Bihar imposed total prohibition of alcohol on Tuesday, becoming the fourth Indian state to do so after Gujarat, Nagaland and Lakshadweep (Union Territory).
As the national capital, should Delhi-NCR then take a cue and go dry (other than the weather of course)? What would this mean?
For one, a drastic and welcome drop in crime, accidents, drunk driving, domestic abuse and local brawls (we hope). But on the other hand, the change would mean denying tipplers their daily fix and socially awkward beings their armour at get-togethers (we’re sure).
We spoke to some alcohol ‘aficionados’ to find out what they think the National Capital Region would be like if it followed in Bihar’s footsteps.
Drinking trips and highway jams
Since you can’t really separate one from their drink, Raja Menon believes there will always be a scramble to get some from legitimate stores across borders.
“Given Delhi’s central location, it would not be so difficult to get alcohol. Four hours in any direction, and you would find all that you need,” said the 29-year-old comic web artist.
But this is likely to lead to nasty weekend traffic jams on highways and in turn affect inter-state commute, he added.
Hike in suicide rates
Many would probably agree with this, that alcohol comes in handy while trying to drown worries, sorrows, fears and other negative feelings.

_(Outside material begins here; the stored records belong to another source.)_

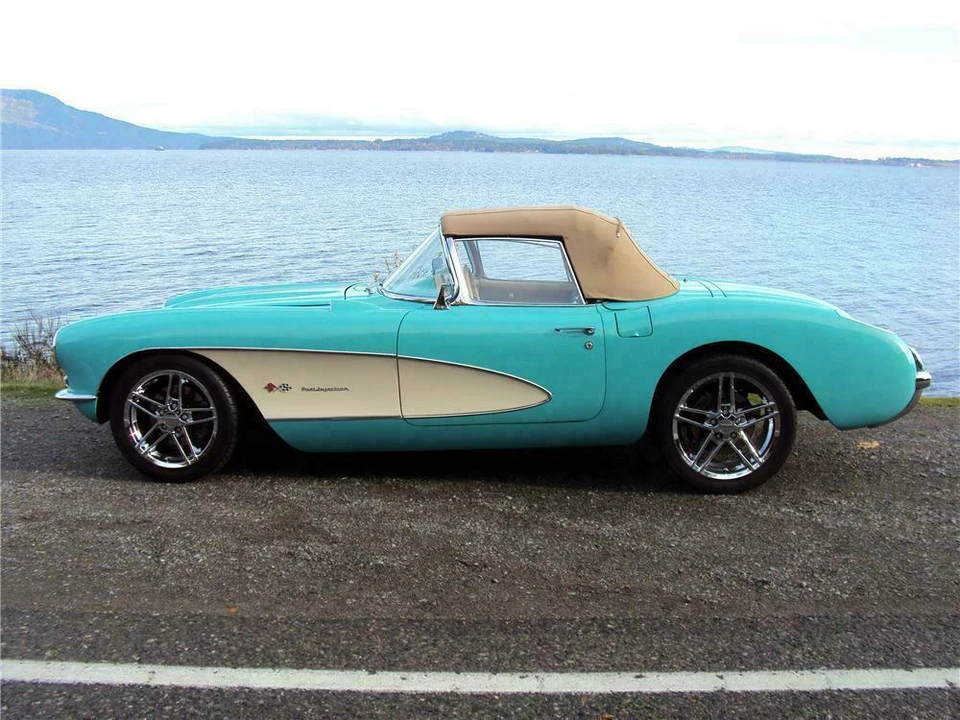 1957 Chevrolet Corvette C1 - Image 5 of 5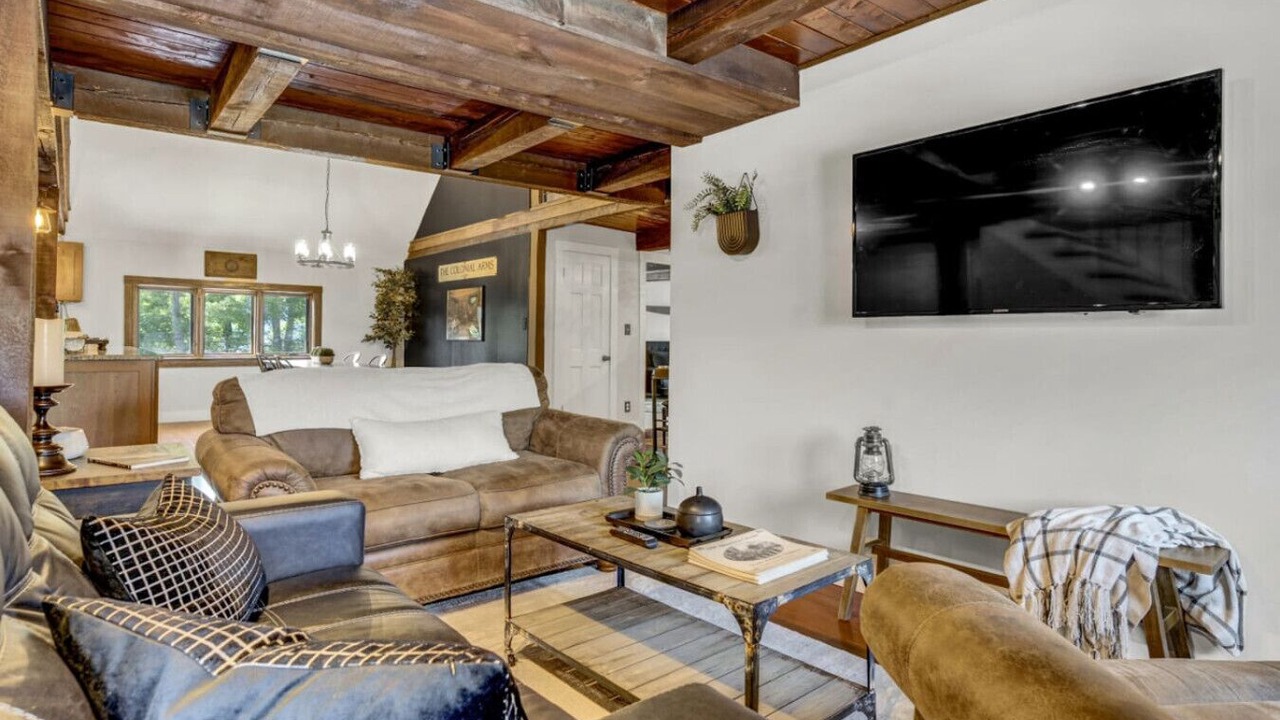 Photo of Bedroom in Wolfeboro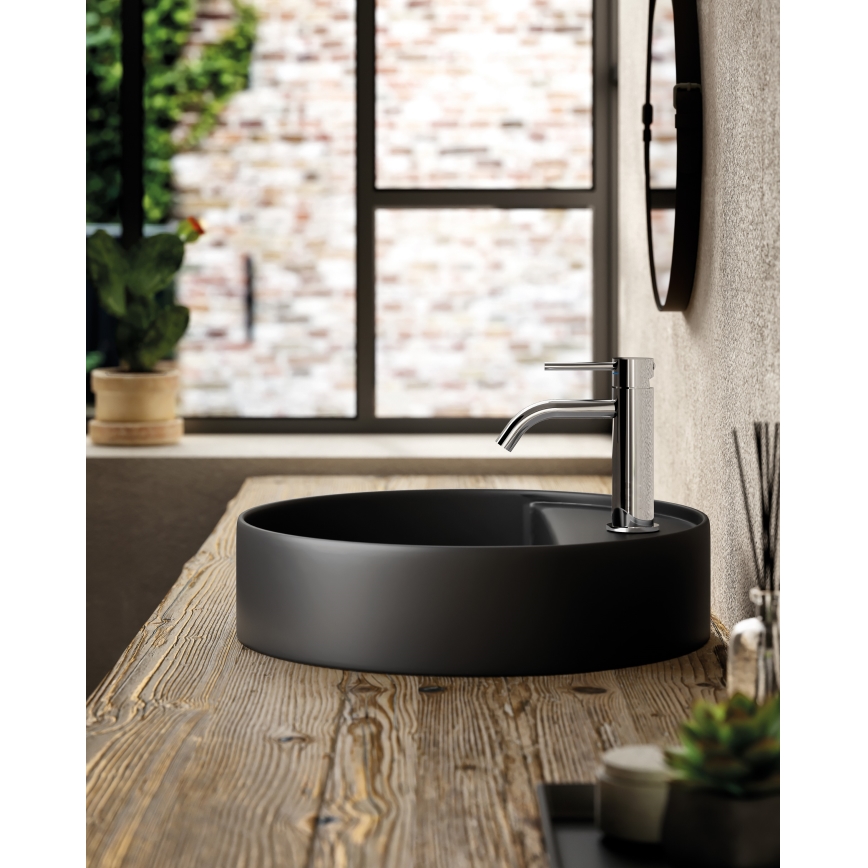 Paffoni - Valamusegisti LIGHT läikiv kroom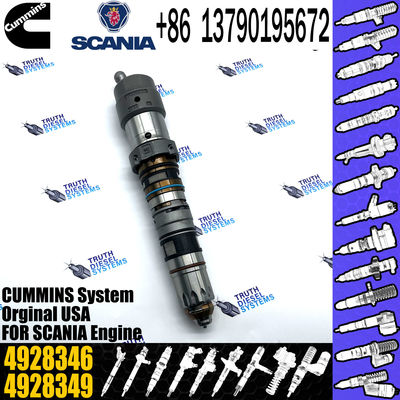 Diesel engine fuel QSK23 fuel injector 4928345 4928346 4326781 4087894 4088428 4326779 4010158 4928347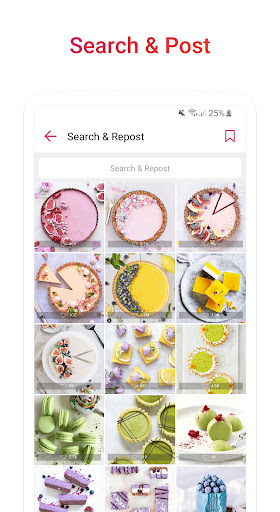Apphi: Schedule Social Media Screen 3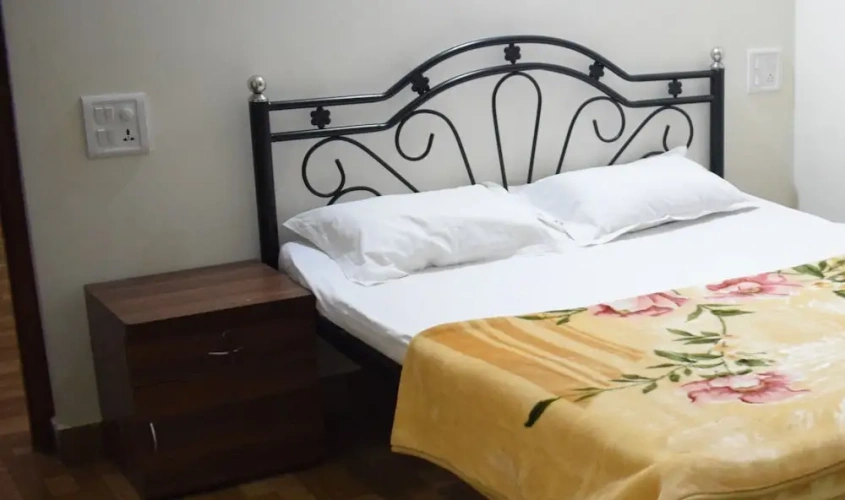 1 Bedroom Deluxe Double room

“People frustrated with life have just that one drink to go to at the end of the day,” said Arundhati Singh, a 26-year-old lawyer. “If you take even that from them, living would get difficult.”
A lot more protests
“We Dilliwalas love to take to the streets to protest. With something as big as a liquor ban, the streets would be filled with people protesting against the move until it is overturned. It will only add to the number of protests we already have on Delhi streets,” said Naman Agarwal, a 25-year-old software engineer. Hard to argue with that.
Delhi has much to offer in terms of leisure – culture, architecture, retail, arts. But, come summers, it’s a cold draught with friends that always wins. Hanging-out with friends over weekends, a major stress buster for most, won’t be the same.
“Alcohol is a great equaliser. It brings everyone on the same page and helps making friends easier. Meeting friends or new people would not be as much fun without alcohol,” said 26-year-old Spandan Murthy, a structural engineer.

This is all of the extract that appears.